Government is about doing something. Politics is about getting elected. -- Pug Mahoney
Perception becomes reality. -- Dinty Ramble.
We're not selling bread, we're selling packaging. -- Marketing executive.
A similar strategy applies to politics, which means that candidates are standup chameleons -- they vary their appearance according to the background. It's no surprise, then, that candidates say one thing in Des Moines and another in Philadelphia.
Leading business schools teach that corporate leaders become whatever is necessary to make a company profitable. But it's questionable that what works well for one firm will necessarily work for others. Logic 101 calls this the Fallacy of Composition, that the attributes of one are the same for all. Another fallacy is known as a non sequitur -- it does not follow that what works in business will necessarily work in government.
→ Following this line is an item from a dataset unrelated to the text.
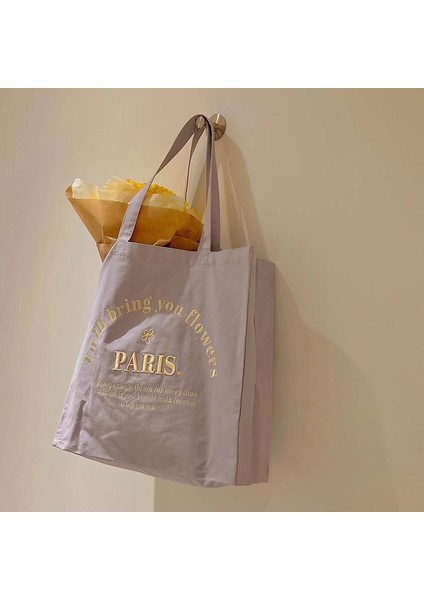 Pembe Siyah Harfler Kadın Kanvas Omuz Çantası Paris'i Keşfedin 3D Nakış Günlük Alışveriş Çantaları Öğrenci Kitap Çantası Pamuklu Bez Çanta Tote Kızlar Için (Yurt Dışından) fırsatları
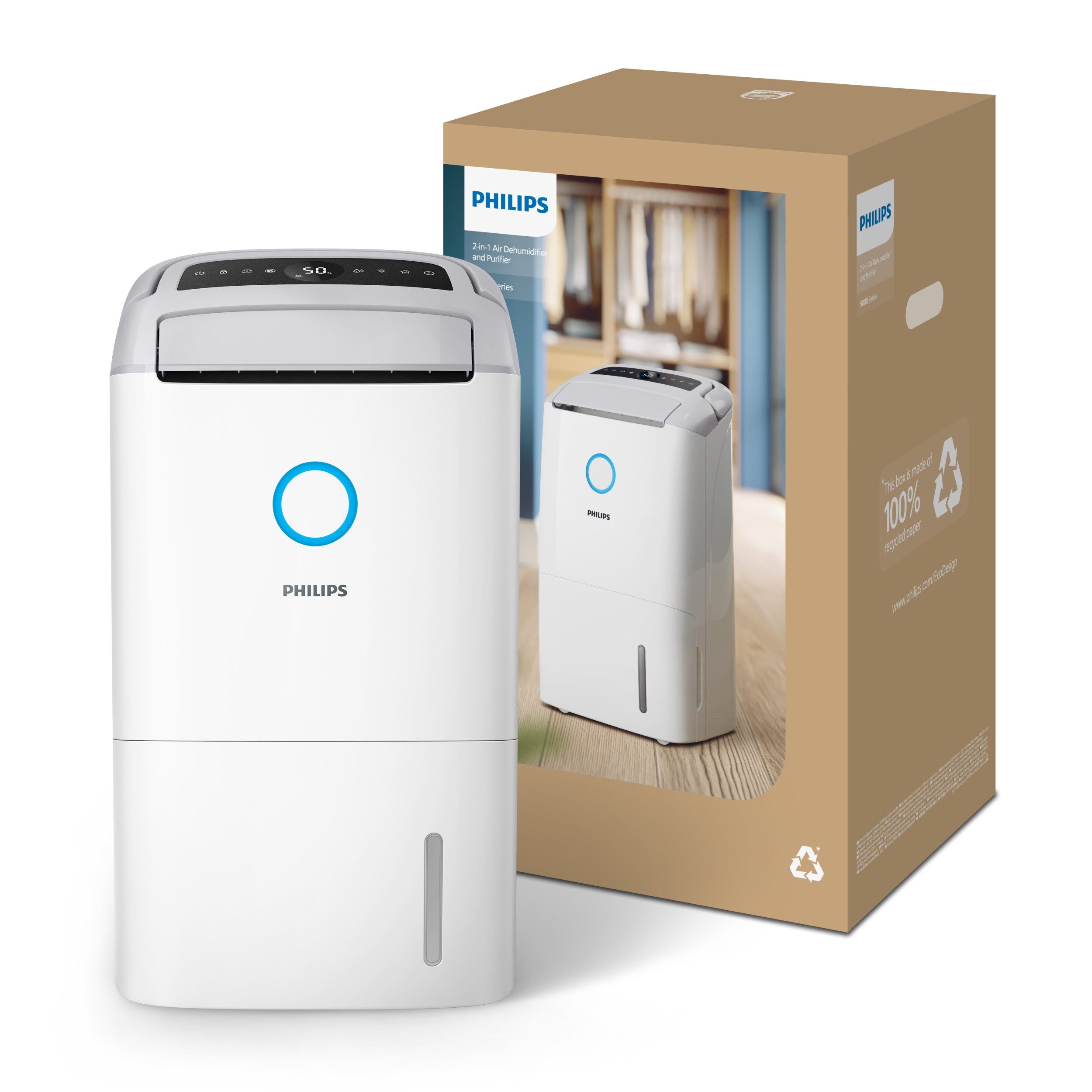 Philips Luftentfeuchter u. Luftreiniger DE5305/11 5000 Series, mit Wäschetrockner-Modus, für 137 m³ Räume, Entfeuchtung 26,5 l/Tag, Tank 4 l, 2-Schichten-HEPA-Filtersystem, Luftreinigungsrate 270 m³/h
Statistically, it can be shown that what works for some in a sampling will very likely work for 87.5 percent of the entire population. However, this is only a probability, not a guarantee. There is still the 12.5 percent for whom it does not work -- the "outliers" on the famous bell-shaped curve beloved of statisticians and teachers.
So figure the odds. And remember that in politics and government, as well as in business or life in general, there are only possibilities and probabilities of success. No guarantees.
That said, there are some who like being outliers. We are always "outside the box."